Three years my senior Ed harbored a far deeper understanding of that night than I. With the European situation he had prepared himself for the world’s future by earning the rank of a second lieutenant in the US Army through the university’s ROTC program; although I am certain the shock of Japan’s attack was not within any of his expectations. Not even President Roosevelt had given such action any credence. The incredibility of ‘D’ Day, its staggering shock and disappointment about another country remains deeper than any other in our country’s history.
The 911 tragedy in all its disbelief and intensity was but a fraction of that back in ’41. There was not a family in the United States which did not directly suffer during the following few years. It wasn’t about one city or one area it was country wide as our men responded to the call to serve in saving our land and the women who stepped forward to fill the necessary work vacated by the men. Some even joined the various branches of the service.
Those on the home front accepted the use of food stamps, shoe rationing and so on. It was the least they could do. Gasoline rationing affected all. Communication within families was difficult. No cell phones or computers enhanced the mail system and weeks, even months passed without news from those on the fighting fronts. Yet we in the States couldn’t forget the turmoil falling on the families in Europe, Hawaii, the Philippines, Africa and even Japan. We knew ourselves more fortunate.
We try to bury those memories of such terrible times. The happenings were way beyond any of our individual doings so we found no explanations and placed our fright produced hatred on world leaders, forgiving all others for the horrors they were forced to take part in. It is those we knew, respected, loved and admired who failed to return home I have found impossible to bury.
Robert, my good friend and playground playmate in the fourth grade in Maumee, was my arch competitor in marbles. Every day the sun shown we were at it. Then came the day he pulled a pearl necklace out of his pants pocket to fasten around my neck. I couldn’t wait to get home and show them to Mother. She asked me how I happened to have them and after hearing my story she went to the telephone. Holding the ear piece to her ear and dialing the numbers into the phone base she called Robert’s mother. After confirming her suspicions she instructed me to give her the beads. She placed them in a small bag and told me I was to return them to Robert the next day. Seems he had ‘borrowed’ them from his mother’s dresser. Robert was in the US Army Air Force and did not return from Europe.

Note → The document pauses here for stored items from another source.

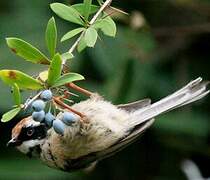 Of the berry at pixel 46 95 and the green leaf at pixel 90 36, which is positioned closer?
the berry at pixel 46 95

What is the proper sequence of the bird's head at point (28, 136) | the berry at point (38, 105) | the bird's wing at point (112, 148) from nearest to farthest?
the berry at point (38, 105)
the bird's head at point (28, 136)
the bird's wing at point (112, 148)

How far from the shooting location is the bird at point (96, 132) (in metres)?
2.59

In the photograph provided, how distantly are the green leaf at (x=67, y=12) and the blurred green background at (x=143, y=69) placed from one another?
1.62m

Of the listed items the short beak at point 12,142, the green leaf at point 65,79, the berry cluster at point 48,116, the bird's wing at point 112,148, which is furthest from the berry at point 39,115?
the bird's wing at point 112,148

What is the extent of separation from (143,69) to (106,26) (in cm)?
193

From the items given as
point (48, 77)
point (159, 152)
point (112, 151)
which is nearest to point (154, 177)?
point (159, 152)

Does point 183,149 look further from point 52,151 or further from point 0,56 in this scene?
point 52,151

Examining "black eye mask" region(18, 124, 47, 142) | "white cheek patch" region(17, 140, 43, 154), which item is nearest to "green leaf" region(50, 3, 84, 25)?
"black eye mask" region(18, 124, 47, 142)

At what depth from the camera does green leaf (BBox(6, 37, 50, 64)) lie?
2045 millimetres

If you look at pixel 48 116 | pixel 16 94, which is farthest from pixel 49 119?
pixel 16 94

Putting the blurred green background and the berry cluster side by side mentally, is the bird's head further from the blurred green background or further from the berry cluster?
the blurred green background

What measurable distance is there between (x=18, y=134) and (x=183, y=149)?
6.07 feet

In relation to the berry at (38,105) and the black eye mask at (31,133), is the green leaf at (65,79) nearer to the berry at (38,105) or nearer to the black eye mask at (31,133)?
the berry at (38,105)

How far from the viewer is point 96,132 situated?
8.60 feet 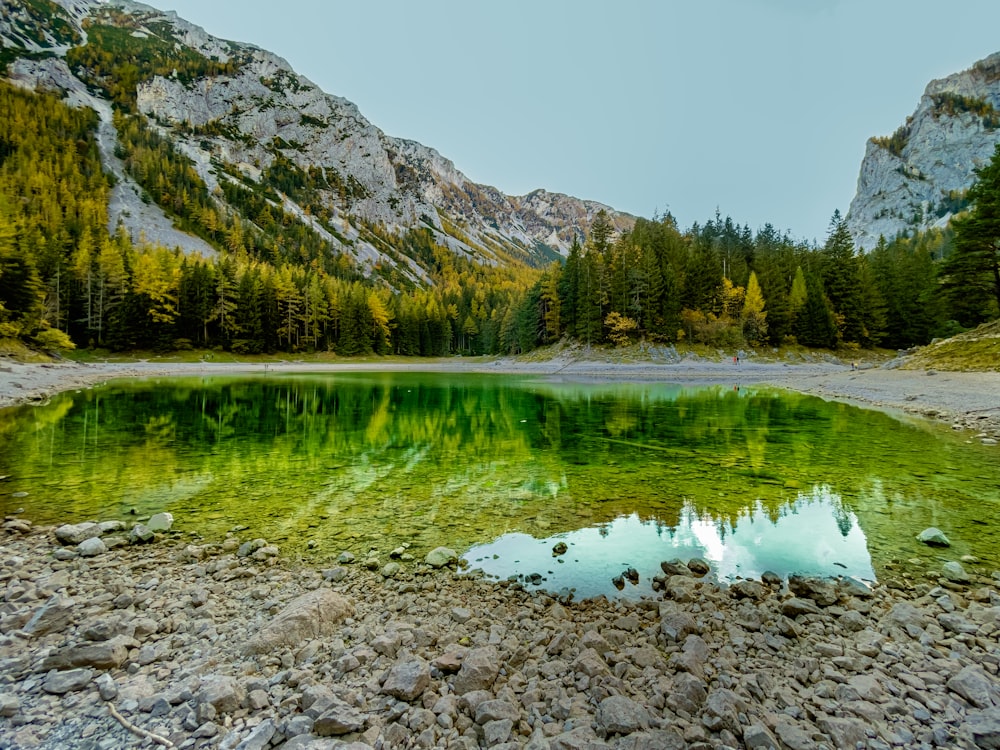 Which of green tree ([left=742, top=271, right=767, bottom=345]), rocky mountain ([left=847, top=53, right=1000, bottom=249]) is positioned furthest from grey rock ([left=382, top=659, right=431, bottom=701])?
rocky mountain ([left=847, top=53, right=1000, bottom=249])

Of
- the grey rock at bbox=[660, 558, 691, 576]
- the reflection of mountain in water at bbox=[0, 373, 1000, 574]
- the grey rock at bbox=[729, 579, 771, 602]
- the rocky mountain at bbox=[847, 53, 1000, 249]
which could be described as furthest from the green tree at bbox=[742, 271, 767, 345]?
the rocky mountain at bbox=[847, 53, 1000, 249]

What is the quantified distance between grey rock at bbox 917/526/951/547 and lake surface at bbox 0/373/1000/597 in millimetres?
233

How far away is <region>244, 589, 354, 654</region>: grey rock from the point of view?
4340 millimetres

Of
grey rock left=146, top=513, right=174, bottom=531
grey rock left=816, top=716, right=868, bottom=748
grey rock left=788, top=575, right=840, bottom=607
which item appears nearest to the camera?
grey rock left=816, top=716, right=868, bottom=748

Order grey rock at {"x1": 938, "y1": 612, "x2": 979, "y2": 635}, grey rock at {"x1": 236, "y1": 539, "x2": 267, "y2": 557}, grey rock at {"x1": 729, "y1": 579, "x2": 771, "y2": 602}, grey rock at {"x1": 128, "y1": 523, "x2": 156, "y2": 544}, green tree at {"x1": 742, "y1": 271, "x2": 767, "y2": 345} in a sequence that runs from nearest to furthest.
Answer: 1. grey rock at {"x1": 938, "y1": 612, "x2": 979, "y2": 635}
2. grey rock at {"x1": 729, "y1": 579, "x2": 771, "y2": 602}
3. grey rock at {"x1": 236, "y1": 539, "x2": 267, "y2": 557}
4. grey rock at {"x1": 128, "y1": 523, "x2": 156, "y2": 544}
5. green tree at {"x1": 742, "y1": 271, "x2": 767, "y2": 345}

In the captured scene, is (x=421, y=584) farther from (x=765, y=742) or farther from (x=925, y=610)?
(x=925, y=610)

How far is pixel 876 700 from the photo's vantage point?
3.50 metres

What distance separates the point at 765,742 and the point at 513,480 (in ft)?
28.9

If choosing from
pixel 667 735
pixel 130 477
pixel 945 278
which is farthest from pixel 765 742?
pixel 945 278

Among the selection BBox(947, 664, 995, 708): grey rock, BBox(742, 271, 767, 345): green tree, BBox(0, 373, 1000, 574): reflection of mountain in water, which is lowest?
BBox(0, 373, 1000, 574): reflection of mountain in water

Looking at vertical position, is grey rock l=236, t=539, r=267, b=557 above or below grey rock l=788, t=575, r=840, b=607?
below

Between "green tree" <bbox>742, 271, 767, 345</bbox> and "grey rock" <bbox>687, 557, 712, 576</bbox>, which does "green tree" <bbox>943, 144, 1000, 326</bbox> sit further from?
"grey rock" <bbox>687, 557, 712, 576</bbox>

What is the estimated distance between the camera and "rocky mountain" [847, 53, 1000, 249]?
164375 mm

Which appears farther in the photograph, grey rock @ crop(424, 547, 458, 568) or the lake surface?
the lake surface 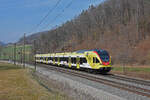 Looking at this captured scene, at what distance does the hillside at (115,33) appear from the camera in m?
53.4

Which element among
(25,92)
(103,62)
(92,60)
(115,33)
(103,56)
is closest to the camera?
(25,92)

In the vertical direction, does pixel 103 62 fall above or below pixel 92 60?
below

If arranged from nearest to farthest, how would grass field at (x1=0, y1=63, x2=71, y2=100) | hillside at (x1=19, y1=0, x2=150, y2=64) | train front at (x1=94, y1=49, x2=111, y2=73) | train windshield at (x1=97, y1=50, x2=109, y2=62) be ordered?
grass field at (x1=0, y1=63, x2=71, y2=100) < train front at (x1=94, y1=49, x2=111, y2=73) < train windshield at (x1=97, y1=50, x2=109, y2=62) < hillside at (x1=19, y1=0, x2=150, y2=64)

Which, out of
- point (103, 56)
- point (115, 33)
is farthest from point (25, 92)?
point (115, 33)

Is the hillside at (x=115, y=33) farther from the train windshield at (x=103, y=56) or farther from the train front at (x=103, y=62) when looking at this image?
the train front at (x=103, y=62)

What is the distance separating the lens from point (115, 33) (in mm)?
74375

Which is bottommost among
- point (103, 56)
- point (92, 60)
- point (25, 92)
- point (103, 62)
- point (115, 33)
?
point (25, 92)

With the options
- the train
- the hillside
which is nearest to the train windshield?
the train

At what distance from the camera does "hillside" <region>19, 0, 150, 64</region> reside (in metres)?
53.4

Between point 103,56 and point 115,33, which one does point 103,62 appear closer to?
point 103,56

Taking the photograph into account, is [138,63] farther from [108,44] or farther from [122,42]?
[108,44]

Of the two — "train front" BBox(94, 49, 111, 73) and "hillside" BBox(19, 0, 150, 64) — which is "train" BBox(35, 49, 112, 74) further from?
"hillside" BBox(19, 0, 150, 64)

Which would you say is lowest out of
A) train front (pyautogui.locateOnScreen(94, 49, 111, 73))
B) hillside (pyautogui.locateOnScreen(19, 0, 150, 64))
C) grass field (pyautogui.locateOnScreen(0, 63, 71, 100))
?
grass field (pyautogui.locateOnScreen(0, 63, 71, 100))

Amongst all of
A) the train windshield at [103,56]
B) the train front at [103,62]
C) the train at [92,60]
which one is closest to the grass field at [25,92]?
the train at [92,60]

Connie and Stan were classmates of mine in Burnham High School, Sylvania, Ohio. Our senior year we were three of the cast for the Senior Play presented in the spring of ’41 before graduation. Because of my height I always landed the ‘old lady’ roll in the plays — never the romantic lead! In that particular play I was once again an ‘older’ lady and Stan was cast as my son. He was also tall – we stood almost eye-to-eye. During the last night’s rehearsal for some silly reason Stan and I could not get our lines we spoke to each other out of our mouths without cracking up –speechless. Well, our director, Miss Lawrence, got her fill of us and gave us one last chance or we were out of the play. That worked like magic and we made it through the rehearsal and the following night’s performance.
Connie and Stan married after graduation. He went into the service and never returned. She remained a widow the rest of her long life. Stan simply couldn’t be replaced.
Each ‘D’ Day for all these years it has been my prayer that mankind will come to understand it is only by giving away our love to others not through the use of arms will our world become a place for all of us to call home.